(BRIEF): Every entry must be reproduced word for word.

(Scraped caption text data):
>>>>>

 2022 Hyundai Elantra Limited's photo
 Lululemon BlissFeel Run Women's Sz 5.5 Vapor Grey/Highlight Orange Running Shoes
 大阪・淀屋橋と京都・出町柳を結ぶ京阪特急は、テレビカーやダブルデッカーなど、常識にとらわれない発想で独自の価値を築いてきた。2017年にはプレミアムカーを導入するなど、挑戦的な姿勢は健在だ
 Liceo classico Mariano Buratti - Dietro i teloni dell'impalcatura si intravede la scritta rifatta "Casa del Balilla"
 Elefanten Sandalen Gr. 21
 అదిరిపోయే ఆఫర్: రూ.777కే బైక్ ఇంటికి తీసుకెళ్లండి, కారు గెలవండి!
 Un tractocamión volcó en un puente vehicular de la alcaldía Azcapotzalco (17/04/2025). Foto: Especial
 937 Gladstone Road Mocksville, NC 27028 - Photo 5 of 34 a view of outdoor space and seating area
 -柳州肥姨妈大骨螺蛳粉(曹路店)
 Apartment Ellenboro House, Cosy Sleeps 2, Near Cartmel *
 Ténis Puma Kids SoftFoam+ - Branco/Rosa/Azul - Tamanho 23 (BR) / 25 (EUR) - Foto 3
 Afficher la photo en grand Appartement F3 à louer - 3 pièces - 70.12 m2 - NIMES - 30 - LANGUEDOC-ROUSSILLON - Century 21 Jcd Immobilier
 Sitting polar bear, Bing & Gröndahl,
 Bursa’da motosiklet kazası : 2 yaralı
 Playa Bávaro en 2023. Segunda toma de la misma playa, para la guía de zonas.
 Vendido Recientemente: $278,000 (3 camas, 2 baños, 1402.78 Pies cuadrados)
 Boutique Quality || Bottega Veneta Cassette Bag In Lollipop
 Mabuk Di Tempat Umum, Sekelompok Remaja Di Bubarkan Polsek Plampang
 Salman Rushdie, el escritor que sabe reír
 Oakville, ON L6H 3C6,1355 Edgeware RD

<<<<<

(SOLUTION):
 2022 Hyundai Elantra Limited's photo
 Lululemon BlissFeel Run Women's Sz 5.5 Vapor Grey/Highlight Orange Running Shoes
 大阪・淀屋橋と京都・出町柳を結ぶ京阪特急は、テレビカーやダブルデッカーなど、常識にとらわれない発想で独自の価値を築いてきた。2017年にはプレミアムカーを導入するなど、挑戦的な姿勢は健在だ
 Liceo classico Mariano Buratti - Dietro i teloni dell'impalcatura si intravede la scritta rifatta "Casa del Balilla"
 Elefanten Sandalen Gr. 21
 అదిరిపోయే ఆఫర్: రూ.777కే బైక్ ఇంటికి తీసుకెళ్లండి, కారు గెలవండి!
 Un tractocamión volcó en un puente vehicular de la alcaldía Azcapotzalco (17/04/2025). Foto: Especial
 937 Gladstone Road Mocksville, NC 27028 - Photo 5 of 34 a view of outdoor space and seating area
 -柳州肥姨妈大骨螺蛳粉(曹路店)
 Apartment Ellenboro House, Cosy Sleeps 2, Near Cartmel *
 Ténis Puma Kids SoftFoam+ - Branco/Rosa/Azul - Tamanho 23 (BR) / 25 (EUR) - Foto 3
 Afficher la photo en grand Appartement F3 à louer - 3 pièces - 70.12 m2 - NIMES - 30 - LANGUEDOC-ROUSSILLON - Century 21 Jcd Immobilier
 Sitting polar bear, Bing & Gröndahl,
 Bursa’da motosiklet kazası : 2 yaralı
 Playa Bávaro en 2023. Segunda toma de la misma playa, para la guía de zonas.
 Vendido Recientemente: $278,000 (3 camas, 2 baños, 1402.78 Pies cuadrados)
 Boutique Quality || Bottega Veneta Cassette Bag In Lollipop
 Mabuk Di Tempat Umum, Sekelompok Remaja Di Bubarkan Polsek Plampang
 Salman Rushdie, el escritor que sabe reír
 Oakville, ON L6H 3C6,1355 Edgeware RD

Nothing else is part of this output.